About the Village Vanguard
Max Gordon, a Lithuanian immigrant and impresario, opened the Village Vanguard in 1935, and he ran it for many years with the help of his wife, Lorraine Gordon. Their daughter, Deborah Gordon, is the current owner. The nightclub, which is the oldest jazz club in New York City, is located in Manhattan’s Greenwich Village. It started out as a venue for folk music and poetry, but in 1957, it became primarily a purveyor of live jazz. Even before the switch to jazz, in the 30s and 40s, people like Lester Young, Ben Webster, Eddie Heywood, Zutty Singleton, Jimmy Hamilton, Mary Lou Williams, Roy Eldridge, Art Hodes, and Sidney Bechet performed at the club. Later, such jazz luminaries as Miles Davis, Thelonious Monk, Horace Silver, Cecil Taylor, Gerry Mulligan, Anita O’Day, Charles Mingus, Sonny Rollins, The Modern Jazz Quartet, Stan Getz, Bill Evans, John Coltrane, Lee Konitz, Jimmy Cobb, Dizzy Gillespie, Maxine Sullivan, Rahsaan Roland Kirk, Max Roach, the Thad Jones/Mel Lewis Orchestra, Dexter Gordon, Allen Toussaint, Woody Shaw, and Geri Allen were hosted by the nightclub.
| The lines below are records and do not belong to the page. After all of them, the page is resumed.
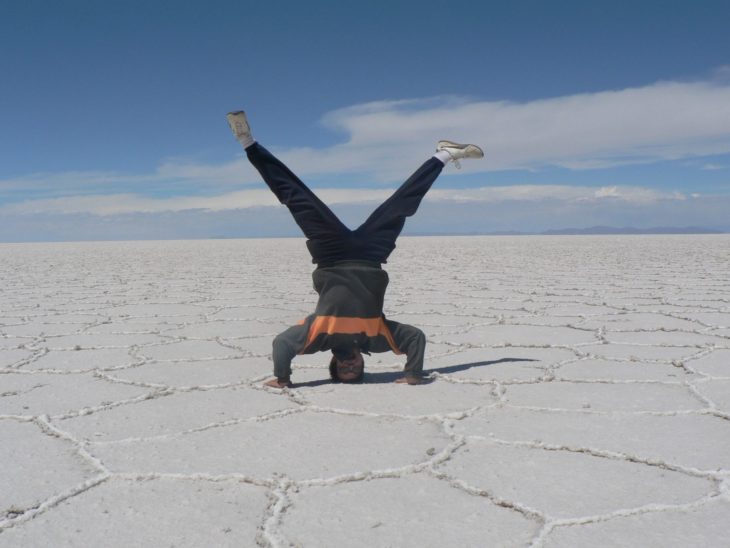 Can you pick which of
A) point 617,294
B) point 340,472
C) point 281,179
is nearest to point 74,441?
point 340,472

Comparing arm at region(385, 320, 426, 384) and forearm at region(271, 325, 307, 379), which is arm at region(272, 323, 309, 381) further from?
arm at region(385, 320, 426, 384)

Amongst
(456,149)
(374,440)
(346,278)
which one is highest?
(456,149)

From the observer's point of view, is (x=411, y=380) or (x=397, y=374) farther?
(x=397, y=374)

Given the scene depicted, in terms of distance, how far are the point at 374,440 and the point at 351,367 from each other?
1.79 ft

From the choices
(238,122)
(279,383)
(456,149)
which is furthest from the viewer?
(456,149)

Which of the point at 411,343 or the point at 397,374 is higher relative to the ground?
the point at 411,343

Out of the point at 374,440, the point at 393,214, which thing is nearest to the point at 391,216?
the point at 393,214

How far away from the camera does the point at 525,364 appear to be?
7.93ft

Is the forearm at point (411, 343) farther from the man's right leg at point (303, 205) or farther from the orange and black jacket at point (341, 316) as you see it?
the man's right leg at point (303, 205)

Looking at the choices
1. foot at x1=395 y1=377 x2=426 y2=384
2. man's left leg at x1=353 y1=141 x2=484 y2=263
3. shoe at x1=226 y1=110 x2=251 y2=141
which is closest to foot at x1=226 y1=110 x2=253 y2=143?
shoe at x1=226 y1=110 x2=251 y2=141

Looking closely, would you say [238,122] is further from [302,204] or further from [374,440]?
[374,440]

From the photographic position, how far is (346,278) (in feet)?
6.60

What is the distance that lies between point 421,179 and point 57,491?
50.7 inches

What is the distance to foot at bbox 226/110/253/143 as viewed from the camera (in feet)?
6.09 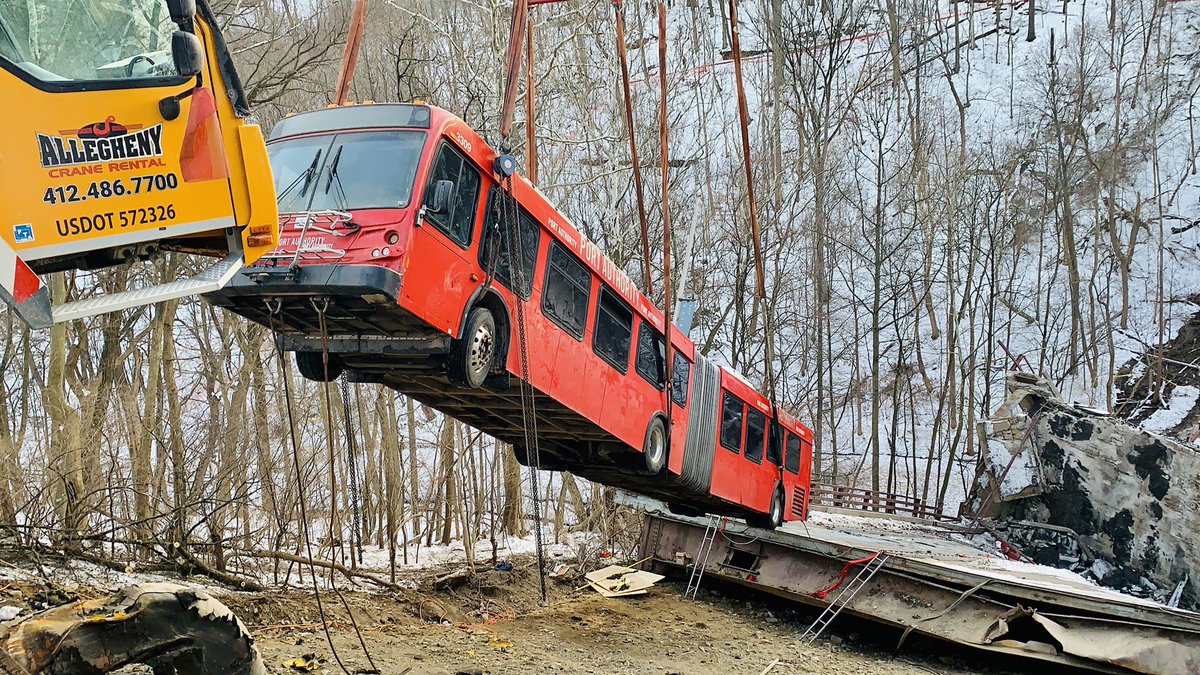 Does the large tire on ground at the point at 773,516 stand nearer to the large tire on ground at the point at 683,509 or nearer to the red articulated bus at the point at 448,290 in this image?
the large tire on ground at the point at 683,509

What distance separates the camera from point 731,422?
13.2 metres

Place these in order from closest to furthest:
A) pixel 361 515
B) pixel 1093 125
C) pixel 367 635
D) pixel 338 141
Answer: pixel 338 141 < pixel 367 635 < pixel 361 515 < pixel 1093 125

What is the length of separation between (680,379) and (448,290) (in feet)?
16.0

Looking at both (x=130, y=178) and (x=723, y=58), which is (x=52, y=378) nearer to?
(x=130, y=178)

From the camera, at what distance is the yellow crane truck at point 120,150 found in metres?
4.49

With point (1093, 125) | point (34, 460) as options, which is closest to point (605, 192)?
point (34, 460)

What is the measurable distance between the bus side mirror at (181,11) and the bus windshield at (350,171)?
74.0 inches

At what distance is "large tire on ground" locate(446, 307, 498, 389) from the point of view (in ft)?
24.8

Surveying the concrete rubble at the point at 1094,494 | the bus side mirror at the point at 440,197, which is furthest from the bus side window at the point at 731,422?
the bus side mirror at the point at 440,197

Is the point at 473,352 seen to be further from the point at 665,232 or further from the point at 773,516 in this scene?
the point at 773,516

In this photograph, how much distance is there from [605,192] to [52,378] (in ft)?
38.5

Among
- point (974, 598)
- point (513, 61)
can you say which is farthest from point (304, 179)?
point (974, 598)

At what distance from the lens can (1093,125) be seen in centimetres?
3788

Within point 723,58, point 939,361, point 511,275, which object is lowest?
point 511,275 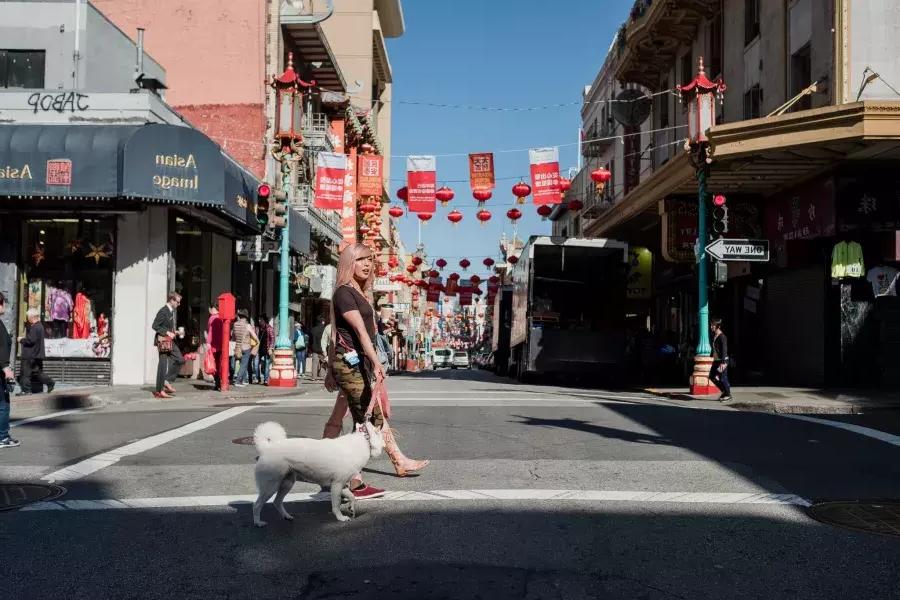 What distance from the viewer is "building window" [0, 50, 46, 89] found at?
22078 millimetres

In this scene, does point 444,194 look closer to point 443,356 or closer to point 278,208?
point 278,208

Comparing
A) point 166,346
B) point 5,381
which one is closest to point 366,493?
point 5,381

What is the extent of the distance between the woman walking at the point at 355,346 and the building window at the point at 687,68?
1020 inches

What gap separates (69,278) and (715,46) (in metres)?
20.0

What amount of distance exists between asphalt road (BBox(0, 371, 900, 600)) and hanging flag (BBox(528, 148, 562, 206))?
15.7 metres

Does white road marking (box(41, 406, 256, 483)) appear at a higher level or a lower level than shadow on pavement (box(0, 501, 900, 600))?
lower

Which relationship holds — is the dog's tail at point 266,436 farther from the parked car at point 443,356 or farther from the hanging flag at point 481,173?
the parked car at point 443,356

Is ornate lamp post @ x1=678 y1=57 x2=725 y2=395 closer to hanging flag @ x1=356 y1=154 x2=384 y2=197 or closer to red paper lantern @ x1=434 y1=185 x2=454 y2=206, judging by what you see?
red paper lantern @ x1=434 y1=185 x2=454 y2=206

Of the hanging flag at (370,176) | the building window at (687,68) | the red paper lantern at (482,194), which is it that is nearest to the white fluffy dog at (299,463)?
the red paper lantern at (482,194)

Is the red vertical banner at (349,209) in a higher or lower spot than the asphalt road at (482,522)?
higher

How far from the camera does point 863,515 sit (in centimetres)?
639

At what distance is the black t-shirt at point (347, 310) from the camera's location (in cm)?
676

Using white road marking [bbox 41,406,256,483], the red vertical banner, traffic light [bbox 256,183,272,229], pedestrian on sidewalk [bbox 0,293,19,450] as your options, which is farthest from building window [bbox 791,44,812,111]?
the red vertical banner

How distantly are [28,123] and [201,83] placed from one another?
35.2 feet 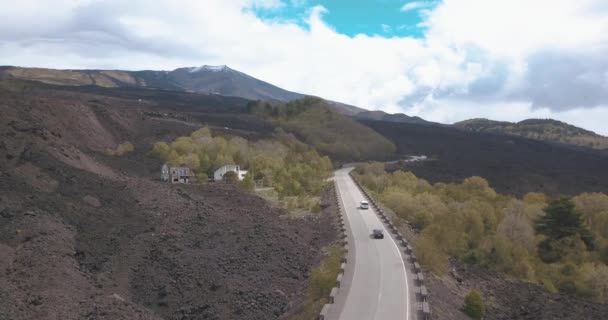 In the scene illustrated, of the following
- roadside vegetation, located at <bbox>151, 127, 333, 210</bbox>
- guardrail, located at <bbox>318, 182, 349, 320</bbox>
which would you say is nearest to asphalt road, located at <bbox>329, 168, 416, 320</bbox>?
guardrail, located at <bbox>318, 182, 349, 320</bbox>

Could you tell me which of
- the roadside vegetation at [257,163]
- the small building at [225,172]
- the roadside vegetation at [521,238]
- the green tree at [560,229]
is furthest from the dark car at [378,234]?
the small building at [225,172]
Village Vanguard’s tradition of presenting top names jazz has continued with the appearances of Bill Frisell, Fred Hersch, Anat Cohen, Bill Charlap, Kenny Barron, Joshua Redman, Cécile McLorin Salvant, Renee Rosnes, Kurt Rosenwinkel, Ambrose Akinmusire, Julian Lage, Linda May Han Oh, Esperanza Spalding, Nicholas Payton, Christian McBride, Jon Batiste, Christian Sands, Brad Mehldau, Jason Moran, and many others who have played there in recent years. The club has also been the site of numerous memorable recordings that have come to be considered masterpieces, including Art Pepper’s Thursday Night at the Village Vanguard, The Cannonball Adderley Sextet in New York, Tommy Flanagan’s Nights at the Vanguard, and Wynton Marsalis’ seven-disc Live at the Vanguard.
This type of online live streaming is a fine way for jazz fans to support musicians and keep the music going, all from the comfort of your home.